Henry M. Seidel was born in 1922 in Passaic, New Jersey. He received his B.A. in 1943 and his M.D. in 1946, both from the Johns Hopkins University. After serving in the U.S. Army, he returned to Johns Hopkins in 1950 to resume residency training. Seidel has spent his entire career at Johns Hopkins, as a pediatrician at Johns Hopkins Hospital since 1953, on the faculty of the school of hygiene and public health since 1969, and on the faculty of the school of medicine since 1950, serving as dean of student affairs from 1977 until 1990. From 1970 until 1973, he held a post as director of clinical programs for the Johns Hopkins medical division in Columbia, Maryland; and from 1973 until 1977, Seidel was the associate dean of the short-lived school of health services.

Scope and Content

The Henry M. Seidel Collection covers his years as a medical student at Johns Hopkins. It consists of Seidel’s class notes and several large binders of handwritten notes and handout materials from Johns Hopkins University School of Medicine lectures and Johns Hopkins Hospital grand rounds, 1943-1945. In addition to providing extensive written records of School of Medicine classes, the notebooks contain photographic records. The physiological chemistry class notebook includes dozens of black and white photographs taken of the instructor’s blackboard notes. These photos capture the blackboard text that was heavily interlaced with graphic models of molecular structures, diagrams, chemical formulas, equations, tables, and graphs. The neurology class notebook contains numerous hand-colored photographs of sections of specimens.
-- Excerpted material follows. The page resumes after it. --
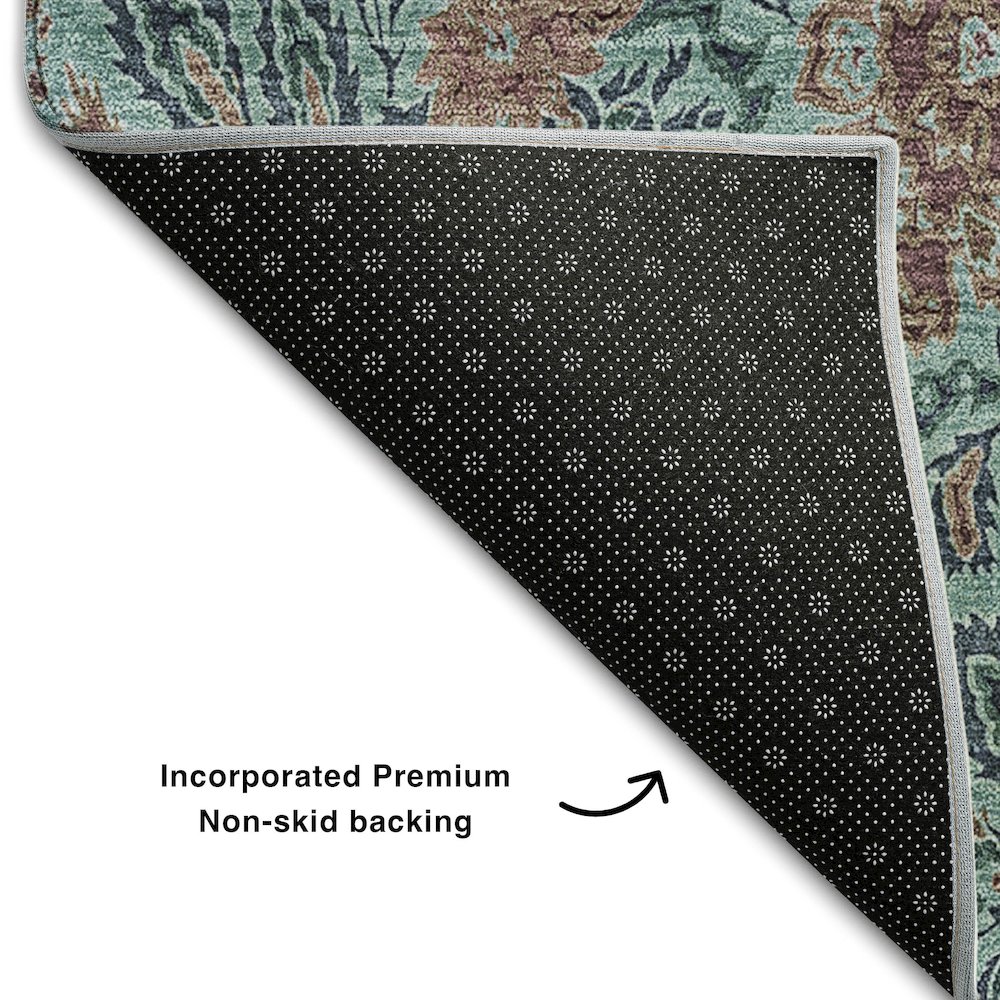 Premium Machine Washable Mayfield AMF660 Teal 5' x 7'6" Rug. Picture 2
The notebook for the biostatistics class contains computer punch cards along with the hospital obstetrical code necessary for analysis. An extensive collection of Seidel correspondence while he was dean of the school of health services is found in the institutional records of the Office of the Dean, Johns Hopkins University School of Health Services. Also in the institutional collections are Seidel’s records (while assistant dean of the school of medicine) of the Health Care Programs Working Committee of 1968, also known as the “Heyssel Committee.”